(TASK GOAL) Leave out the images; return the rest of the data exactly.

(DATA BLOCK)
──────

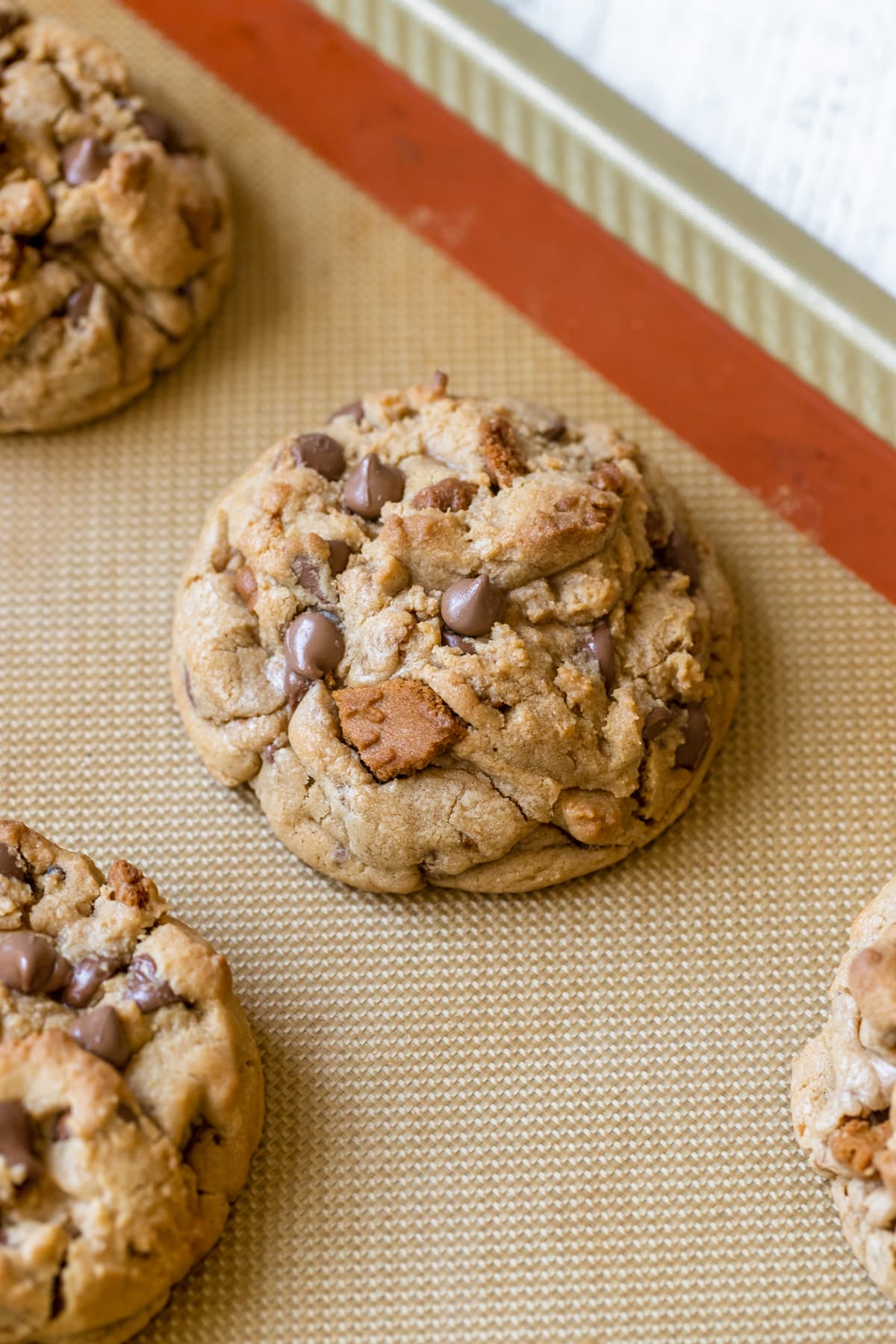 a cookie on a silicone baking mat.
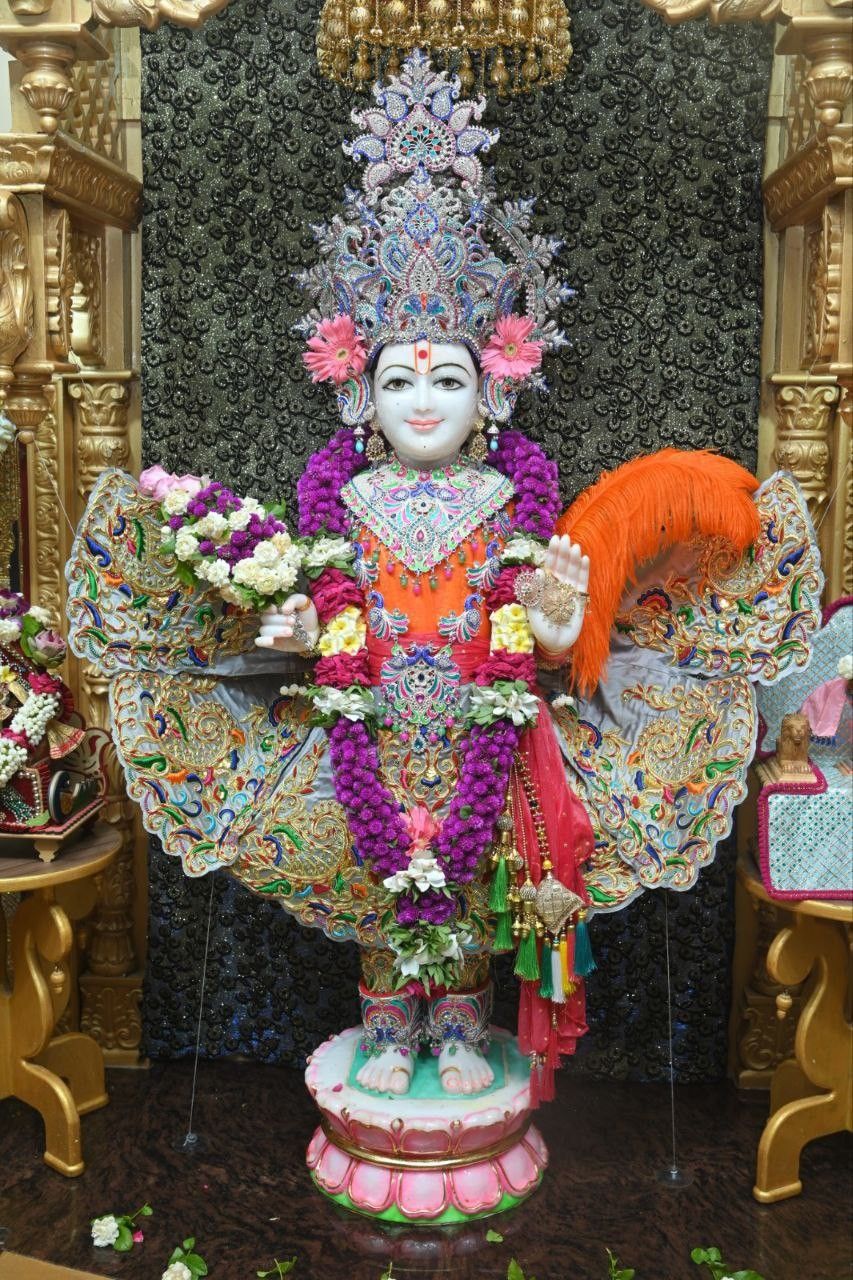 Swaminarayan Bhagwan with floral decorations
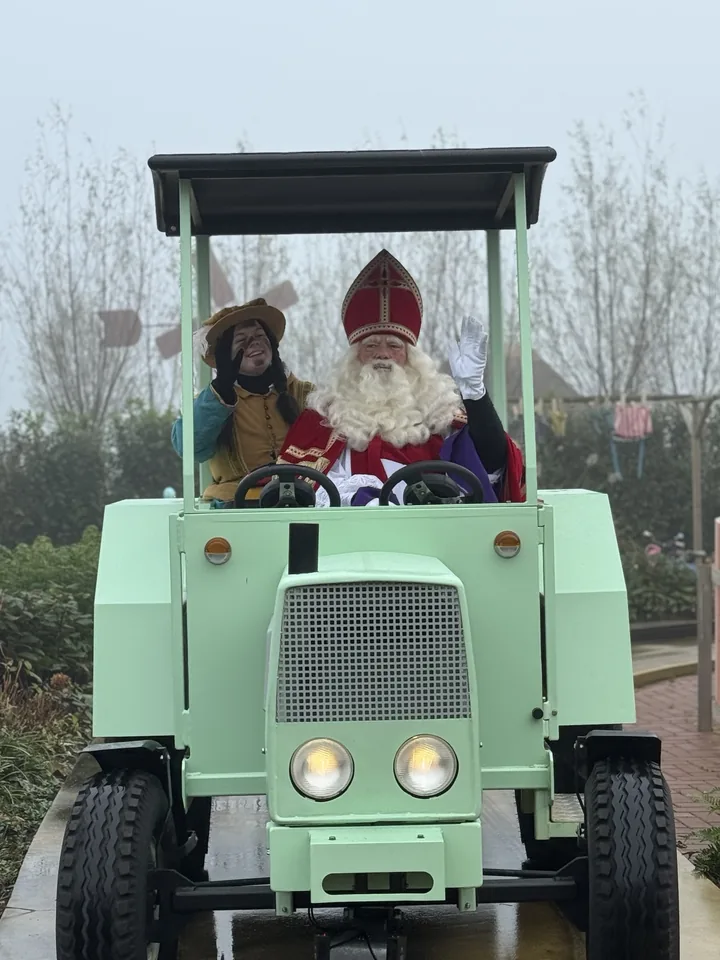 Kerstman en begeleider in een groen boerderijvoertuig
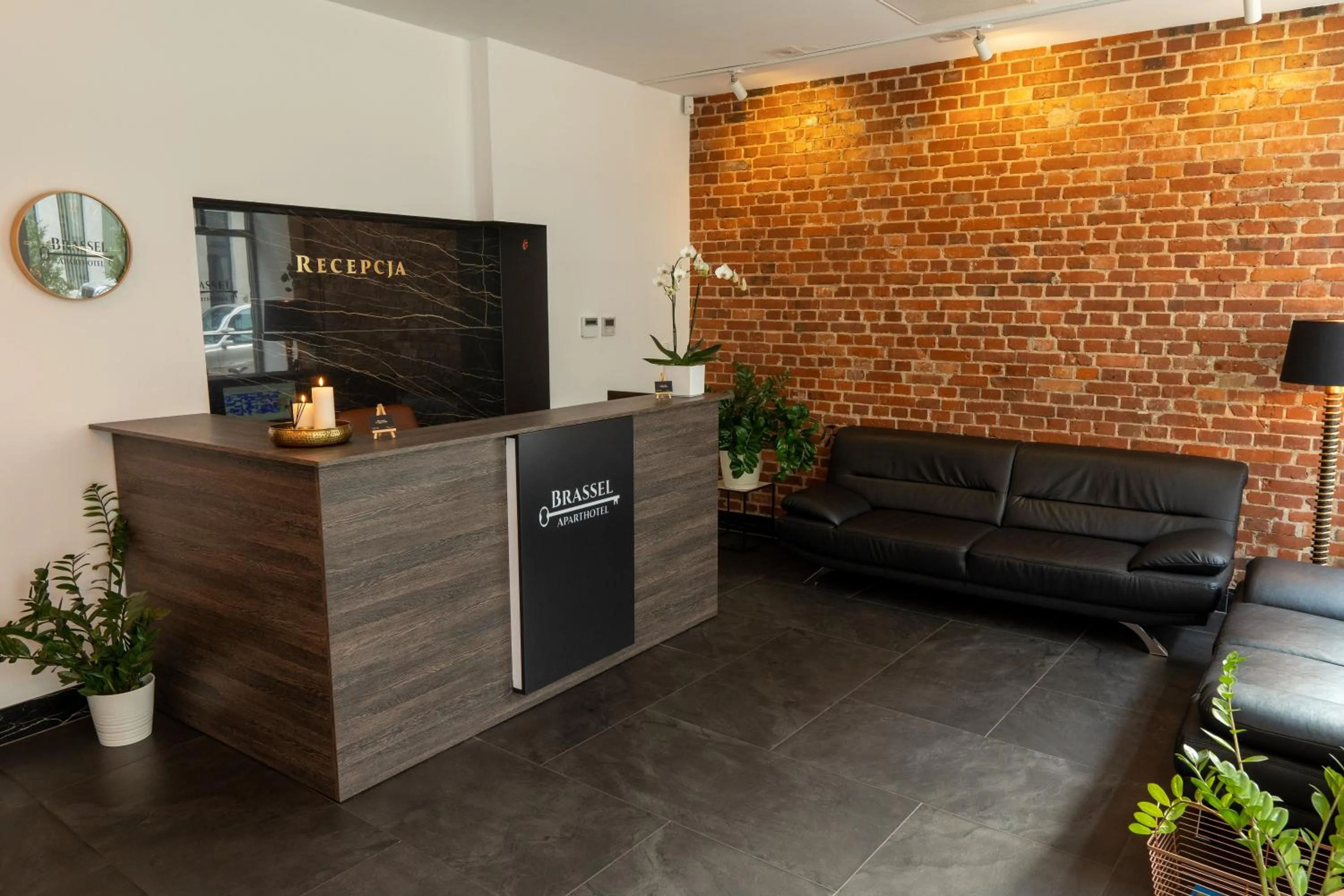 Lobby or reception in Brassel Aparthotel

──────

(WRITTEN ANSWER)
 a cookie on a silicone baking mat.
 Swaminarayan Bhagwan with floral decorations
 Kerstman en begeleider in een groen boerderijvoertuig
 Lobby or reception in Brassel Aparthotel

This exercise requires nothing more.